Потом он внимательно следил за фашизмом и все же в 1946 г. в эпилоге к своим работам об этом массовом психозе (“немецкой психопатии”) признал: “Германия поставила перед миром огромную и страшную проблему”. Он прекрасно знал все “разумные” экономические, политические и пр. объяснения фашизма, но видел, что дело не в реальных “объективных причинах”. Загадочным явлением был именно массовый, захвативший большинство немцев психоз, при котором целая разумная и культурная нация, упрятав в концлагеря несогласных, соединилась в проекте, который вел к краху.

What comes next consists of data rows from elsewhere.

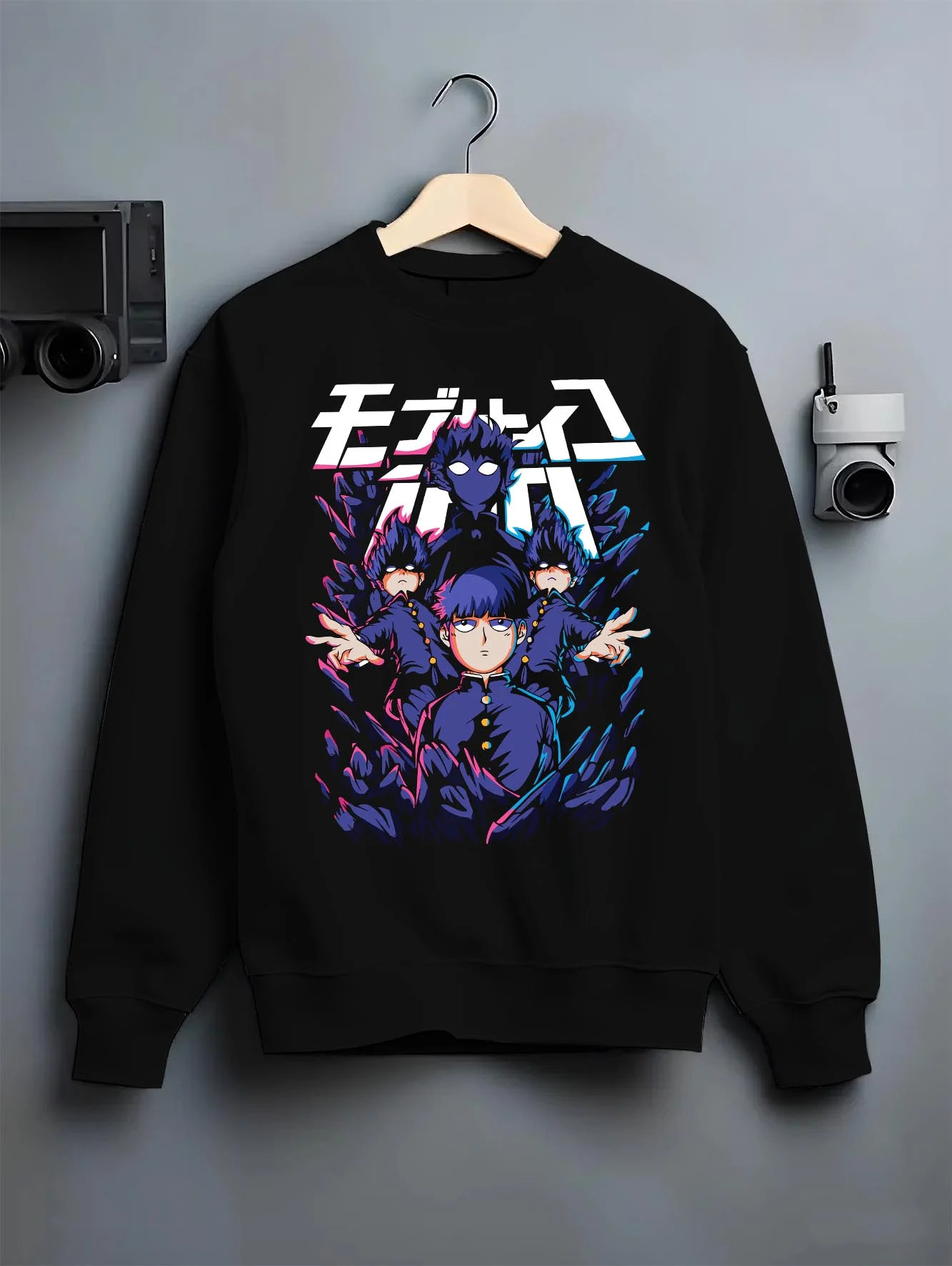Black crewneck sweatshirt on hanger with Mob Psycho 100 Hoodie Blue Spirit Energy Jumper graphic bold anime graphic.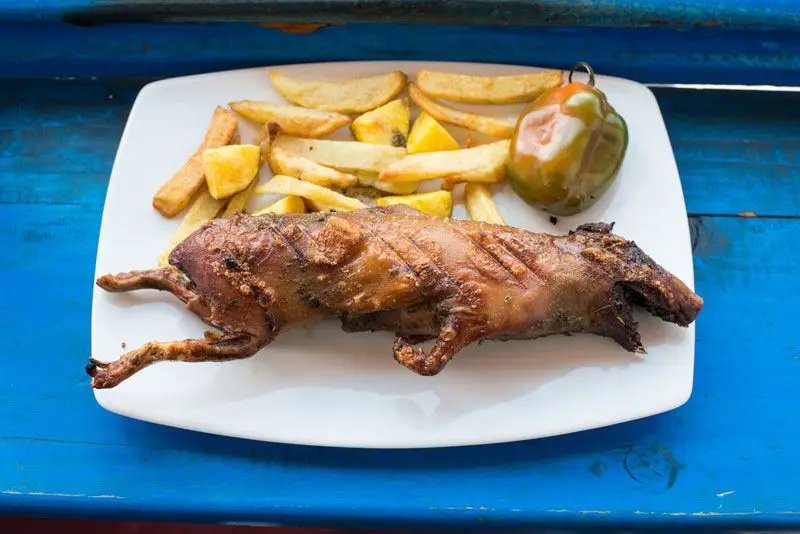 Cuy asado with potatoes
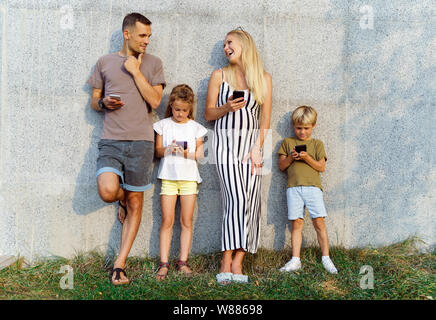 Foto von Eltern und Kindern mit Telefonen in der Hand stehen auf Betonwand auf der Straße Stockfoto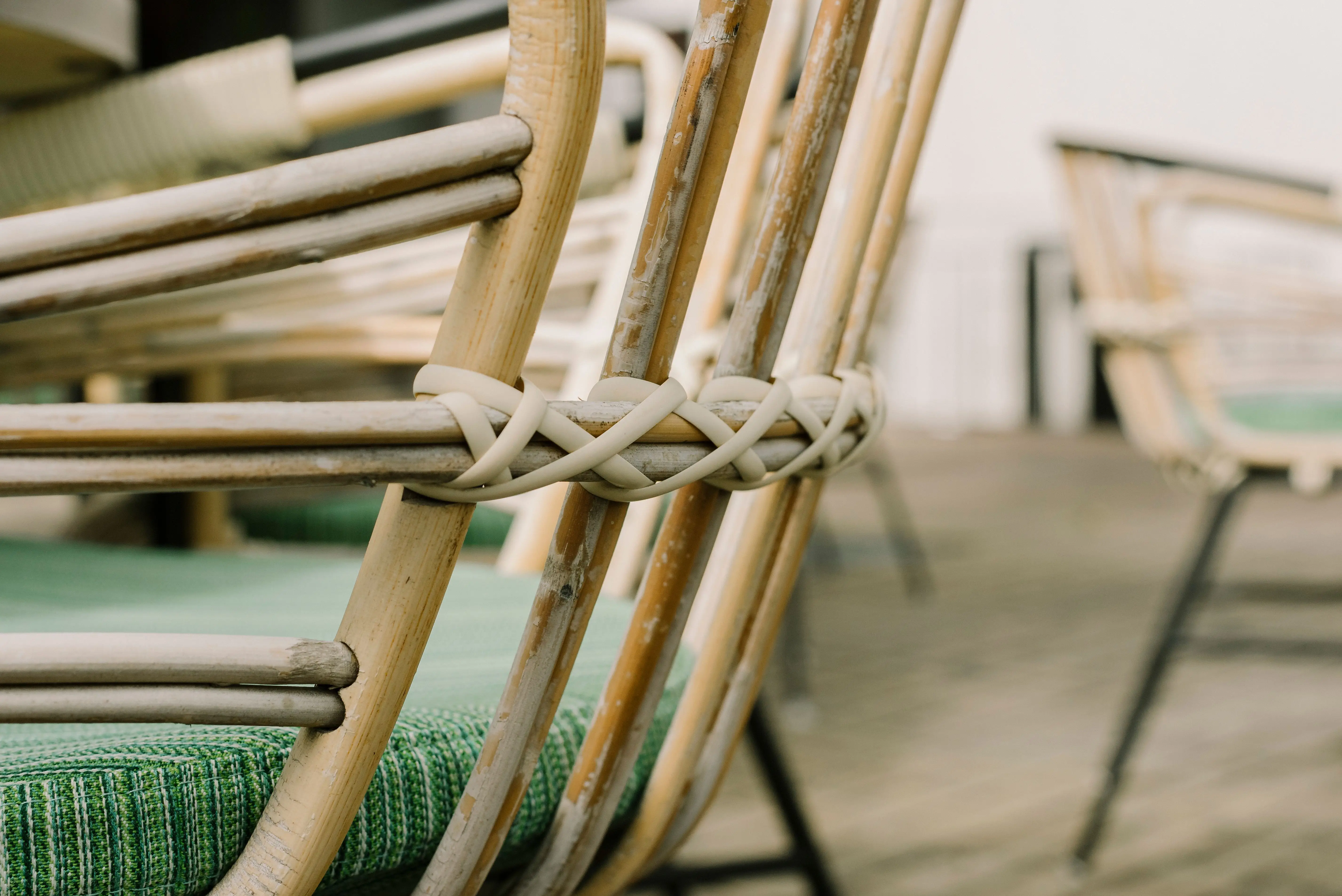 A close-up of a wickered rattan chair showing natural woven texture in a living room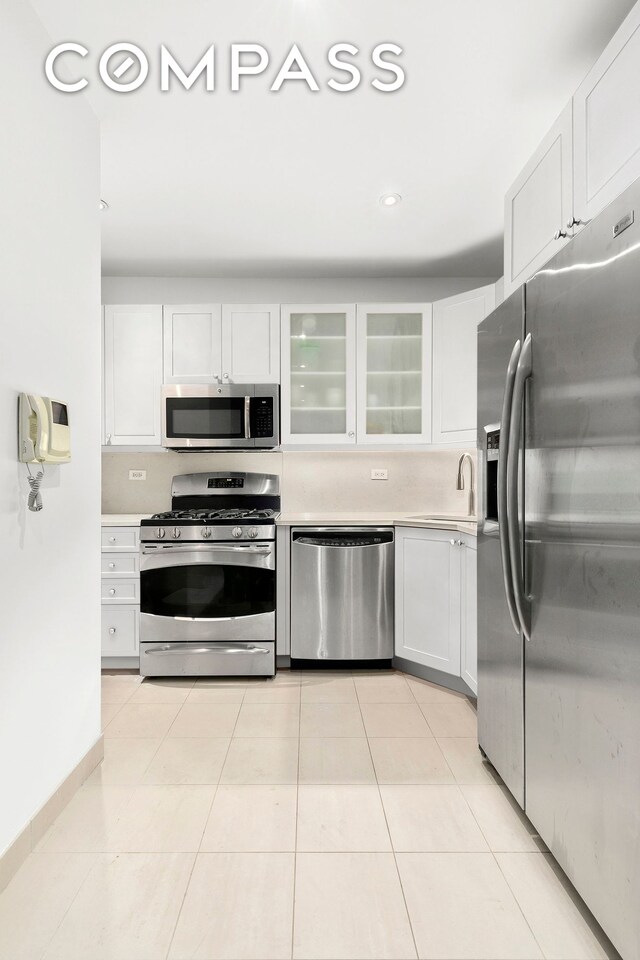 505 Court St Unit 3D, New York City, NY 11231 - kitchen with appliances with stainless steel finishes, light countertops, white cabinets, a sink, and recessed lighting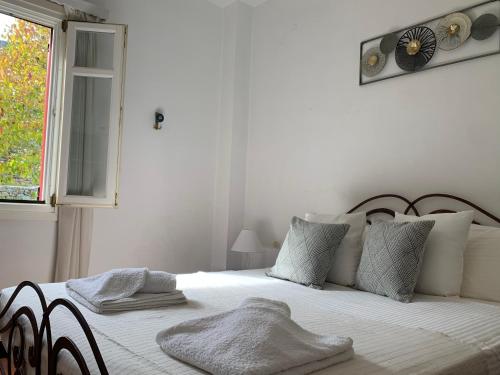 1 dormitorio blanco con 1 cama con reloj en la pared en Pandora Villa en Ítaca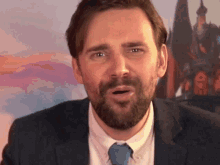 a man with a beard wearing a suit and tie making a funny face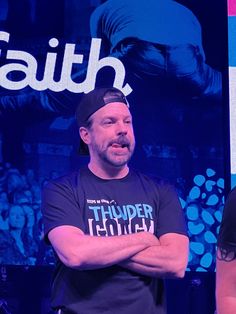 a man with his arms crossed standing in front of a blue background and the words faith on it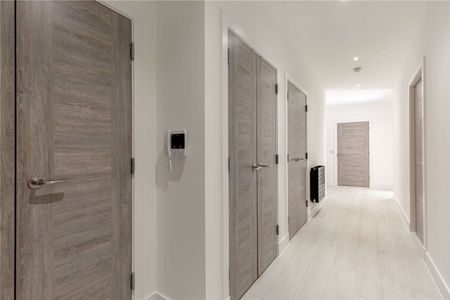 A modern unfurnished two bedroom flat with private parking and a balcony in this stunning new development. - Photo 3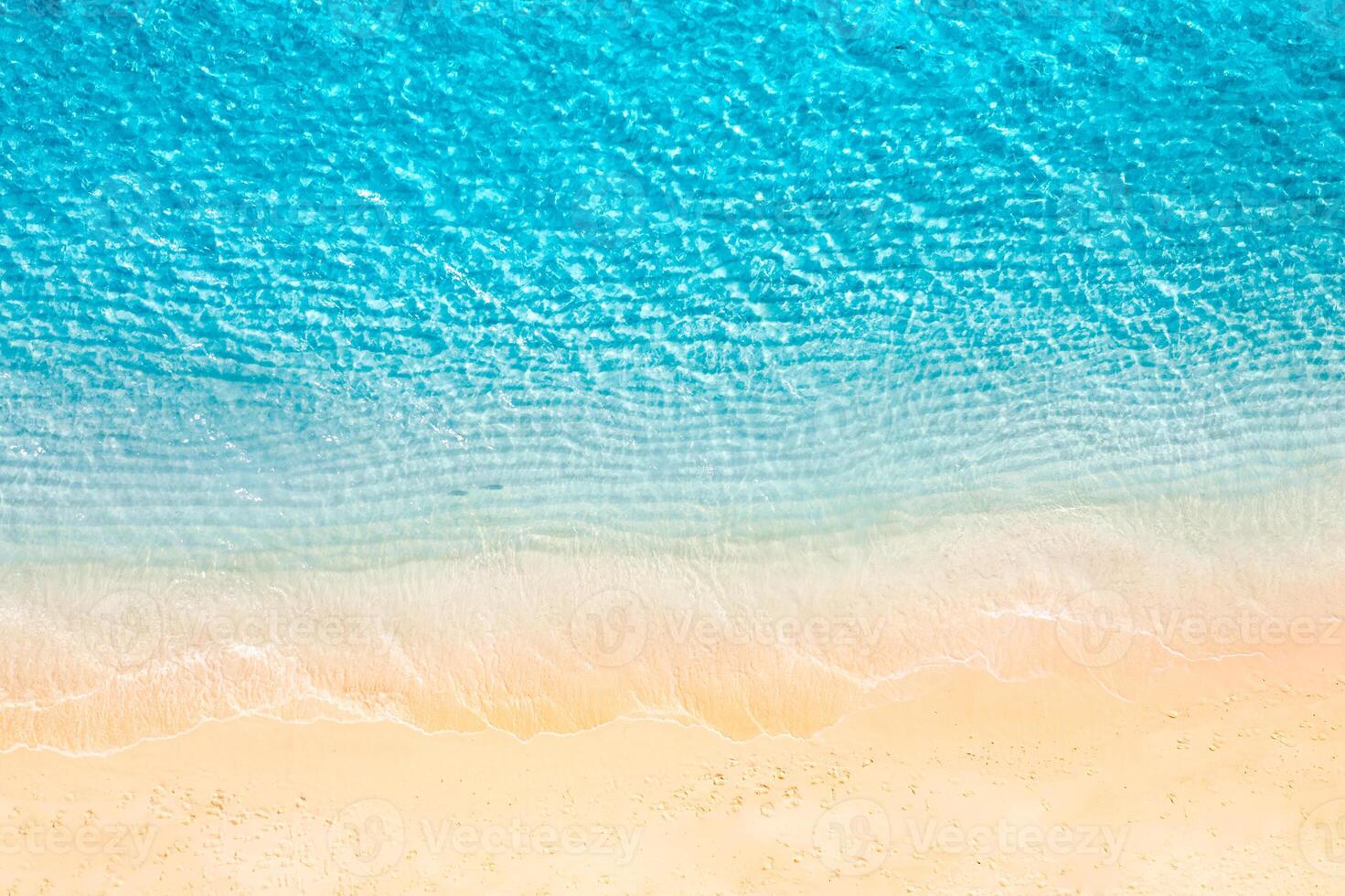 Aerial view of a pristine tropical beach with soft sandy shore and gentle sea waves surrounded by clear turquoise waters creating a serene landscape perfect for relaxation and peaceful escapes photo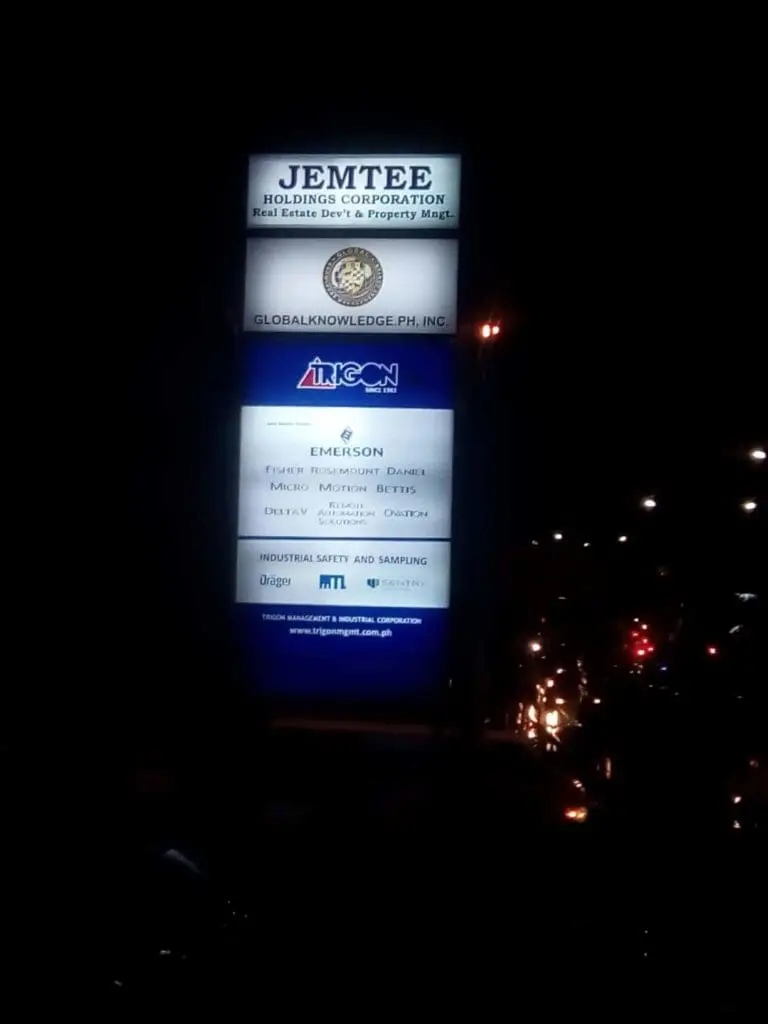 LED pylon signage for Jemtee Holdings, Global Knowledge, Emerson at night in Ortigas, glowing beside street lights by M&G Global Ads.
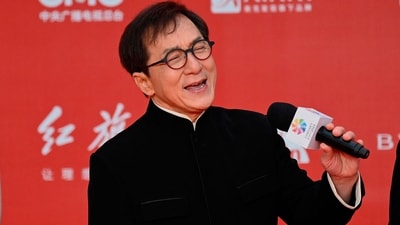 Hong Kong actor Jackie Chan (R) sings as Ethnic Uyghur Chinese actress Gulnezer Bextiyar (L), also known as Gulinazha, looks on as they stand on the red carpet during the opening ceremony of the 13th Beijing International Film Festival (BJIFF) in Beijing, on April 21, 2022. (Photo by Jade GAO / AFP) (AFP)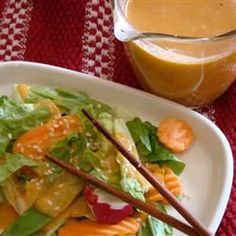 a white plate topped with salad and chopsticks next to a jar of orange juice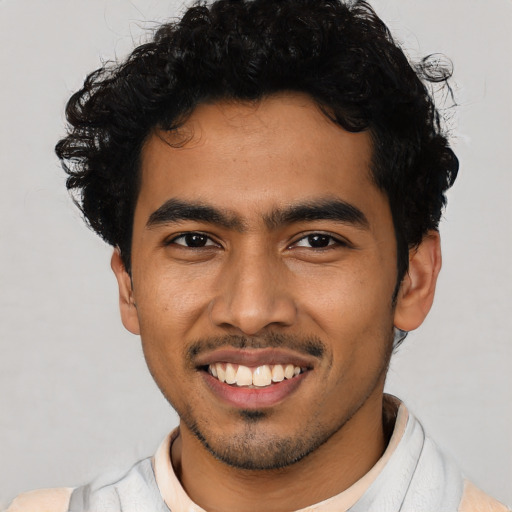 Joyful latino young-adult male with short  black hair and brown eyes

Иррациональные установки владели умами интеллигенции и рабочих во время «бархатных» революций в странах Восточной Европы. Они ломали структуры надежно развивавшегося общества и расчищали дорогу капитализму, вовсе того не желая. Польские социологи пишут об этом явлении: «Противостояние имело неотрадиционалистский, ценностно-символический характер („мы и они“), овеяно ореолом героико-романтическим – религиозным и патриотическим. „Нематериалистическим“ был сам феномен „Солидарности“, появившийся и исчезнувший… Он активизировал массы, придав политический смысл чисто моральным категориям, близким и понятным „простому“ человеку – таким, как „борьба добра со злом“… Широко известно изречение А. Михника: „Мы отлично знаем, чего не хотим, но чего мы хотим, никто из нас точно не знает“.
Подобный слом произошел в СССР в конце 80-х годов. Поведение огромных масс населения нашей страны стало на время обусловлено не разумным расчетом, не “объективными интересами”, а именно всплеском коллективного бессознательного. Это поведение казалось той части народа, которая психозом не была захвачена, непонятным и необъяснимым. В некоторых частях сломанного СССР раскачанное идеологами коллективное бессознательное привело к крайним последствиям. Возьмите Армению начала 90-х годов. Нет смысла искать разумных расчетов в ее войне с Азербайджаном – шансов на успех в такой изнурительной войне почти не было. Это – массовый психоз, вызванный политиками для свержения советского строя и разрушения СССР.
«Процесс начавшихся на постсоветском пространстве народно-демократических революций обрел облик, характерный для неустойчивых эмоционально-психологических состояний. Вчера по отношению к властям – высочайший рейтинг политического доверия и симпатии, завтра – катастрофический провал, антагонизм, приводящий вчерашних кумиров практически к свержению. Так случилось с Шеварднадзе, Кучмой, Акаевым»[18].